Маленькую Елизавету отдали в менонитскую школу. За время обучения девочка прекрасно овладела немецким, английским и французским языками. Со своей стороны родители старались привить ей чувство собственного достоинства и воспитать твердый характер, способный не согнуться и не сломаться при любых жизненных невзгодах.
Как и предполагал Петр Зиберт, Россия действительно стала страной непредсказуемой и ужасающе бунтарской. Добропорядочным и состоятельным немцам оказалось в ней совершенно нечего делать. Сначала началась Первая мировая, и Зиберт горестно сказал:
– Боюсь, это начало конца.
Политические и военные события развивались медленно и в то же время стремительно: в 1917 году произошла революция, и власть оказалась в руках большевиков. Впрочем, скорее это была не революция в полном смысле, а просто вооруженный переворот. Однако для семьи Зиберт-Нойфельд политические акценты не имели никакой разницы.
– Видимо, это конец, – тоскливо констатировала Елена.

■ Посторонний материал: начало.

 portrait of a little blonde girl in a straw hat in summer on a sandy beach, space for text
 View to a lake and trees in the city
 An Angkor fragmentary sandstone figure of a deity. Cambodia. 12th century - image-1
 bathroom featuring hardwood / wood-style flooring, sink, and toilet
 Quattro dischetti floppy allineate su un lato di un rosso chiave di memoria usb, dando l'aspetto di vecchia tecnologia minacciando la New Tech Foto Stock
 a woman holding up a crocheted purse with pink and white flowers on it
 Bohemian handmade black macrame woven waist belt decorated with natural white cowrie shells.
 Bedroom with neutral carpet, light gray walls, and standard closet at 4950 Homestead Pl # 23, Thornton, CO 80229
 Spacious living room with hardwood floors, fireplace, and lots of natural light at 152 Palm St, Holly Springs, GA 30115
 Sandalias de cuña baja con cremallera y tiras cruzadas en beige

– Да, – согласился с женой Петр. – Нужно срочно все обращать в деньги и уезжать из России.
– Куда?
– Как можно дальше, наверное, даже не в Европу, а может быть, попробовать за океан?
Все подробности их исхода из полыхавшей страны сейчас восстановить практически невозможно. Однако можно с уверенностью предположить: открытым оставался путь на Дальний Восток, в город-порт Владивосток, поскольку практически вся Сибирь и значительная часть европейской территории России, вплоть до Волги, оказались в руках войск Верховного правителя России адмирала Александра Васильевича Колчака. Благодаря этому семья немцев Зиберт-Нойфельд могла эмигрировать куда угодно, лишь бы только добраться до порта и сесть на пароход.

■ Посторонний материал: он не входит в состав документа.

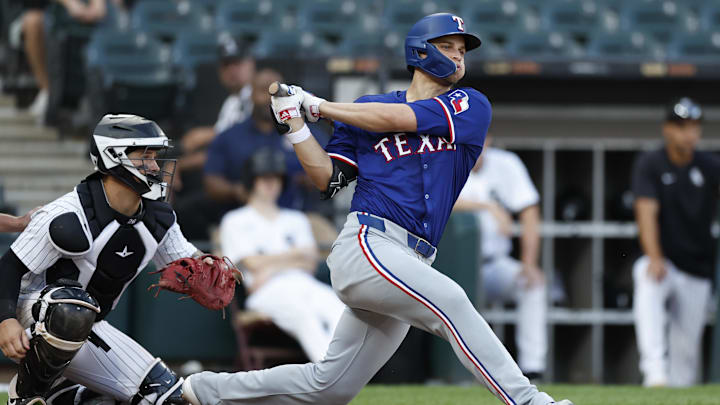 Aug 28, 2024; Chicago, IL, USA; Texas Rangers shortstop Corey Seager (5) hits an RBI-single against the Chicago White Sox during the seventh inning of game one of the doubleheader at Guaranteed Rate Field. 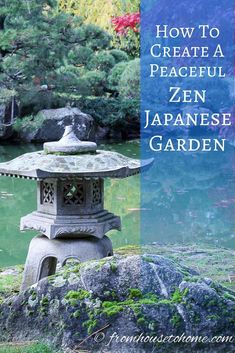 a stone lantern sitting on top of a lush green field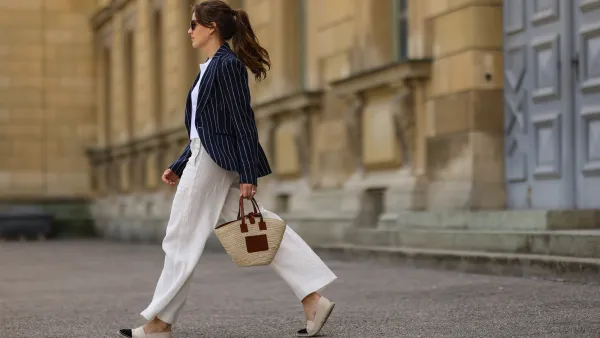 woman in navy blazer and white pants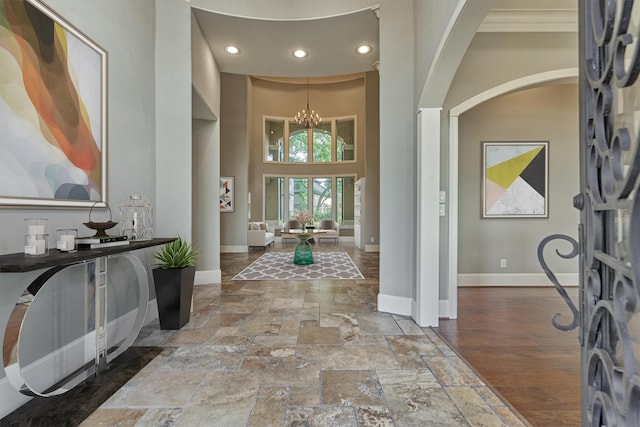 foyer featuring a towering ceiling and a notable chandelier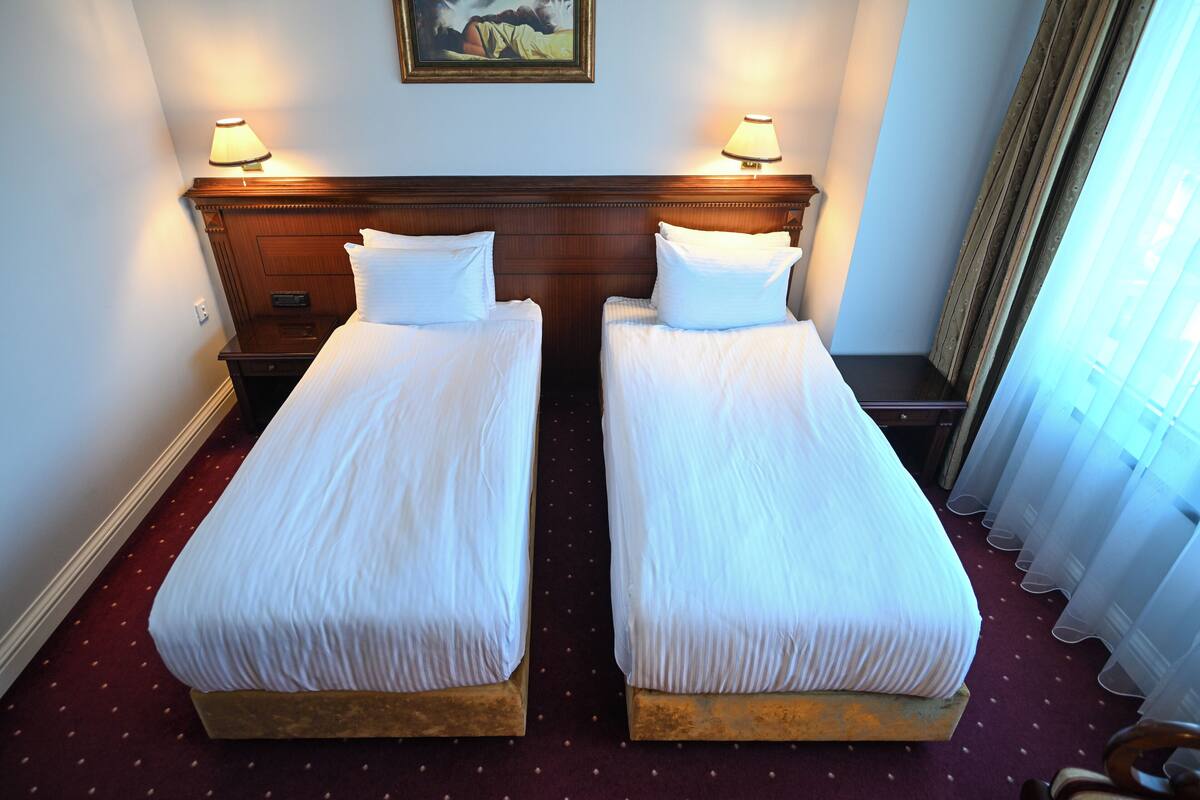 A hotel room with two single beds, wooden headboard, a nightstand, a lamp, and a painting on the wall.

Судя по тому, что Елизавета оказалась в Америке, ее родителям удалось совершить задуманное и они выбрались из кровавой сумятицы Гражданской войны живыми и здоровыми.
Любовь бунтаря
В Соединенные Штаты Америки русскому поэту Владимиру Маяковскому приехать удалось далеко не сразу. Он уже выступал за границей и, хотя не знал иностранных языков, имел там большой успех, но визы на въезд в США получить долгое время не мог.

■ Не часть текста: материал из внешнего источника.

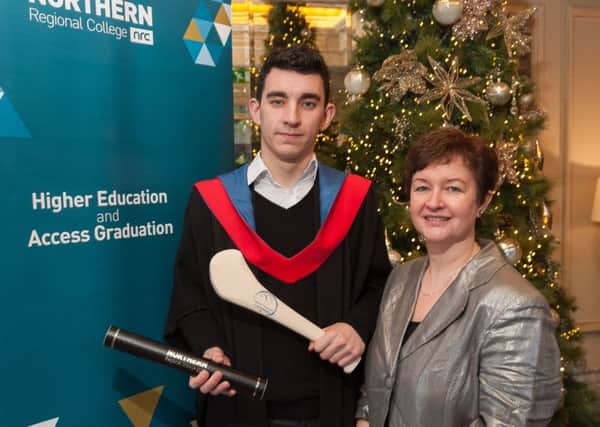 Northern Regional College student Emmet Martin from Randalstown pictured with his mother Siobhan at his recent graduation where he was awarded a HND Diploma in Business.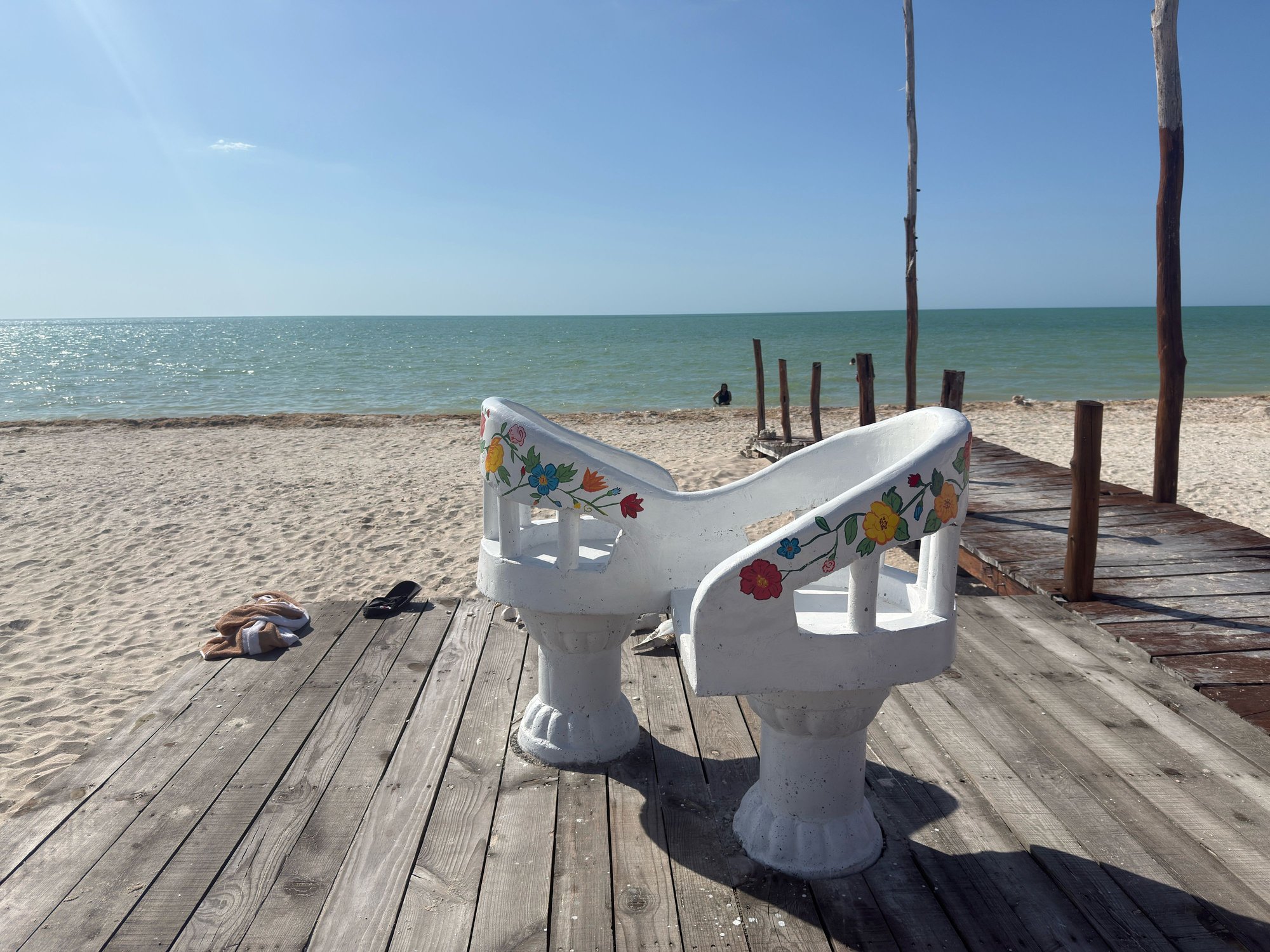 A You and Me chair and the beach.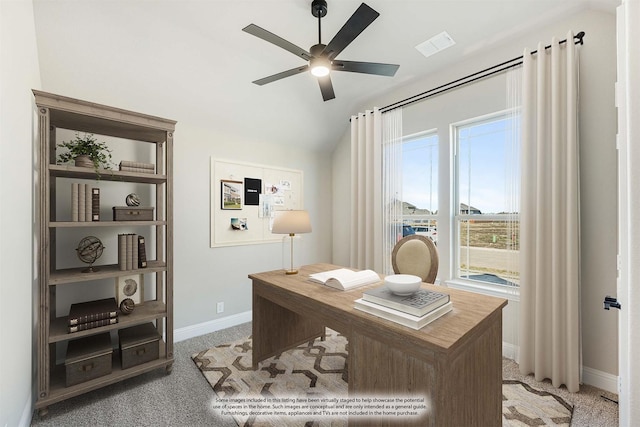 carpeted home office with ceiling fan and lofted ceiling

Консулы Соединенных Штатов в европейских странах по неизвестным причинам упорно отказывали Маяковскому в праве въезда в свою страну. Возможно, такое положение связано с их серьезным опасением «экспорта революции» или уже начавшимися в Стране Советов политическими событиями, обусловленными непримиримой борьбой за власть между Троцким и Сталиным – заложниками и невольными участниками этой ожесточенной и кровавой свары стали многие миллионы людей.
– Лучше всего попробовать через Мексику, – посоветовали Владимиру Владимировичу знакомые дипломаты, хорошо владевшие обстановкой за рубежом.
– Тут настаивают, что я непременно должен приехать на открытие Амторга, – признался Маяковский.
Тогда дипломатических отношений с Американскими Соединенными Штатами у СССР еще не существовало, но уже открывалась торгово-консульская организация для осуществления сделок с заокеанскими бизнесменами. Там предусматривался очень большой штат сотрудников, и Маяковского хотели видеть в США все работники советского Амторга.
Впрочем, многие эксперты авторитетно утверждают, что существовали и совершенно иные, некие тайные пружины, заставлявшие Владимира Владимировича настойчиво добиваться американской визы. Однако наш рассказ не о тайнах политики или разведки, а о страстной любви поэта, о его семье, навсегда оставшейся за рубежом.
Визу в Мексике Маяковскому действительно наконец-то удалось получить у американского консула, и после ряда очень интересных встреч в Мехико великий бунтарь и поэт выехал в Соединенные Штаты.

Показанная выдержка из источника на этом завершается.